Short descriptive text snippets
.....
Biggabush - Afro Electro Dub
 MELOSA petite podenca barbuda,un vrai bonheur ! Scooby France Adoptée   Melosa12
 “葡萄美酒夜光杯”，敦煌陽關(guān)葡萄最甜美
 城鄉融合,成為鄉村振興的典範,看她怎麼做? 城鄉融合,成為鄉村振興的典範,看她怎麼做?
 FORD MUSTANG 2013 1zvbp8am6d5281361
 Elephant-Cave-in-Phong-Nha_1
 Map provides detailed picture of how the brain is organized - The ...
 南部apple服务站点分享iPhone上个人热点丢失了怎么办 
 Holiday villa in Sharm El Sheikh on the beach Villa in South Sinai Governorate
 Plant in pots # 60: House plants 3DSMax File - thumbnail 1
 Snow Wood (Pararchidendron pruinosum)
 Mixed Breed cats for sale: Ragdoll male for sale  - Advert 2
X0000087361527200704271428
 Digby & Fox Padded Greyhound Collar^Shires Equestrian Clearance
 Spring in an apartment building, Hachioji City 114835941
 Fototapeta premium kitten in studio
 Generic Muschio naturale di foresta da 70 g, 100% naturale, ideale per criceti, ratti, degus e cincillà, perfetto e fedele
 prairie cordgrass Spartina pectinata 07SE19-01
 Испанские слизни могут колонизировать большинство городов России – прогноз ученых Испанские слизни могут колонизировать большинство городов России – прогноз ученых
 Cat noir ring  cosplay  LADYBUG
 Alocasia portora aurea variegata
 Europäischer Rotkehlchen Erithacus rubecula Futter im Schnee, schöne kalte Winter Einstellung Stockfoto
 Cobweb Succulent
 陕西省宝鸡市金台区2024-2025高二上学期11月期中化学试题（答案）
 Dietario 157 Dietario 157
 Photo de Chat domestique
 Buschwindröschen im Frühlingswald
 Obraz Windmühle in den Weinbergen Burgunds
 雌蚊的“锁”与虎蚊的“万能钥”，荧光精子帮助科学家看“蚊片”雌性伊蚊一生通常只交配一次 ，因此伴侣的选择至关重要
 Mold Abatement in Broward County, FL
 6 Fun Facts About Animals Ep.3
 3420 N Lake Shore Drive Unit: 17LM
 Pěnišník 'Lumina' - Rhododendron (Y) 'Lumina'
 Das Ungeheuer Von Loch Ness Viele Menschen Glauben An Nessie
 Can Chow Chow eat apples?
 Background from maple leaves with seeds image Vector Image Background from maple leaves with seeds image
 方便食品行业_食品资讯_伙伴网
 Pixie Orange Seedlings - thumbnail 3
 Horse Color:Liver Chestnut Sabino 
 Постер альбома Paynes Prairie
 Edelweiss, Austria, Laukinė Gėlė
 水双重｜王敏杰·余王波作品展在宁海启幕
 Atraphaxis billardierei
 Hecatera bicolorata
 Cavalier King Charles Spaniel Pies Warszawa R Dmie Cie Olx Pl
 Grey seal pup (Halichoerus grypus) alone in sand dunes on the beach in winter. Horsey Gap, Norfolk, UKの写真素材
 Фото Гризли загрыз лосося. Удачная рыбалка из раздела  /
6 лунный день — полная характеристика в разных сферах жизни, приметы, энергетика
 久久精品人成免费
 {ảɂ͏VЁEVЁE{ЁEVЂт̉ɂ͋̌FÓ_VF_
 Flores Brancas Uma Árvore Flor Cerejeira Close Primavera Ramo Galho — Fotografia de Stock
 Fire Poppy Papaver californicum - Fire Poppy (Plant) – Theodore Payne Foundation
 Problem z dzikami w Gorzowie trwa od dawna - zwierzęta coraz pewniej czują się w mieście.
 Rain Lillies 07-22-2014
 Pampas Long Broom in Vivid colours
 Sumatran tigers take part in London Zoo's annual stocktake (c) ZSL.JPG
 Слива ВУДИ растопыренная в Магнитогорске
.....
Each entry above needs to be retyped exactly.

Biggabush - Afro Electro Dub
 MELOSA petite podenca barbuda,un vrai bonheur ! Scooby France Adoptée   Melosa12
 “葡萄美酒夜光杯”，敦煌陽關(guān)葡萄最甜美
 城鄉融合,成為鄉村振興的典範,看她怎麼做? 城鄉融合,成為鄉村振興的典範,看她怎麼做?
 FORD MUSTANG 2013 1zvbp8am6d5281361
 Elephant-Cave-in-Phong-Nha_1
 Map provides detailed picture of how the brain is organized - The ...
 南部apple服务站点分享iPhone上个人热点丢失了怎么办 
 Holiday villa in Sharm El Sheikh on the beach Villa in South Sinai Governorate
 Plant in pots # 60: House plants 3DSMax File - thumbnail 1
 Snow Wood (Pararchidendron pruinosum)
 Mixed Breed cats for sale: Ragdoll male for sale  - Advert 2
X0000087361527200704271428
 Digby & Fox Padded Greyhound Collar^Shires Equestrian Clearance
 Spring in an apartment building, Hachioji City 114835941
 Fototapeta premium kitten in studio
 Generic Muschio naturale di foresta da 70 g, 100% naturale, ideale per criceti, ratti, degus e cincillà, perfetto e fedele
 prairie cordgrass Spartina pectinata 07SE19-01
 Испанские слизни могут колонизировать большинство городов России – прогноз ученых Испанские слизни могут колонизировать большинство городов России – прогноз ученых
 Cat noir ring  cosplay  LADYBUG
 Alocasia portora aurea variegata
 Europäischer Rotkehlchen Erithacus rubecula Futter im Schnee, schöne kalte Winter Einstellung Stockfoto
 Cobweb Succulent
 陕西省宝鸡市金台区2024-2025高二上学期11月期中化学试题（答案）
 Dietario 157 Dietario 157
 Photo de Chat domestique
 Buschwindröschen im Frühlingswald
 Obraz Windmühle in den Weinbergen Burgunds
 雌蚊的“锁”与虎蚊的“万能钥”，荧光精子帮助科学家看“蚊片”雌性伊蚊一生通常只交配一次 ，因此伴侣的选择至关重要
 Mold Abatement in Broward County, FL
 6 Fun Facts About Animals Ep.3
 3420 N Lake Shore Drive Unit: 17LM
 Pěnišník 'Lumina' - Rhododendron (Y) 'Lumina'
 Das Ungeheuer Von Loch Ness Viele Menschen Glauben An Nessie
 Can Chow Chow eat apples?
 Background from maple leaves with seeds image Vector Image Background from maple leaves with seeds image
 方便食品行业_食品资讯_伙伴网
 Pixie Orange Seedlings - thumbnail 3
 Horse Color:Liver Chestnut Sabino 
 Постер альбома Paynes Prairie
 Edelweiss, Austria, Laukinė Gėlė
 水双重｜王敏杰·余王波作品展在宁海启幕
 Atraphaxis billardierei
 Hecatera bicolorata
 Cavalier King Charles Spaniel Pies Warszawa R Dmie Cie Olx Pl
 Grey seal pup (Halichoerus grypus) alone in sand dunes on the beach in winter. Horsey Gap, Norfolk, UKの写真素材
 Фото Гризли загрыз лосося. Удачная рыбалка из раздела  /
6 лунный день — полная характеристика в разных сферах жизни, приметы, энергетика
 久久精品人成免费
 {ảɂ͏VЁEVЁE{ЁEVЂт̉ɂ͋̌FÓ_VF_
 Flores Brancas Uma Árvore Flor Cerejeira Close Primavera Ramo Galho — Fotografia de Stock
 Fire Poppy Papaver californicum - Fire Poppy (Plant) – Theodore Payne Foundation
 Problem z dzikami w Gorzowie trwa od dawna - zwierzęta coraz pewniej czują się w mieście.
 Rain Lillies 07-22-2014
 Pampas Long Broom in Vivid colours
 Sumatran tigers take part in London Zoo's annual stocktake (c) ZSL.JPG
 Слива ВУДИ растопыренная в Магнитогорске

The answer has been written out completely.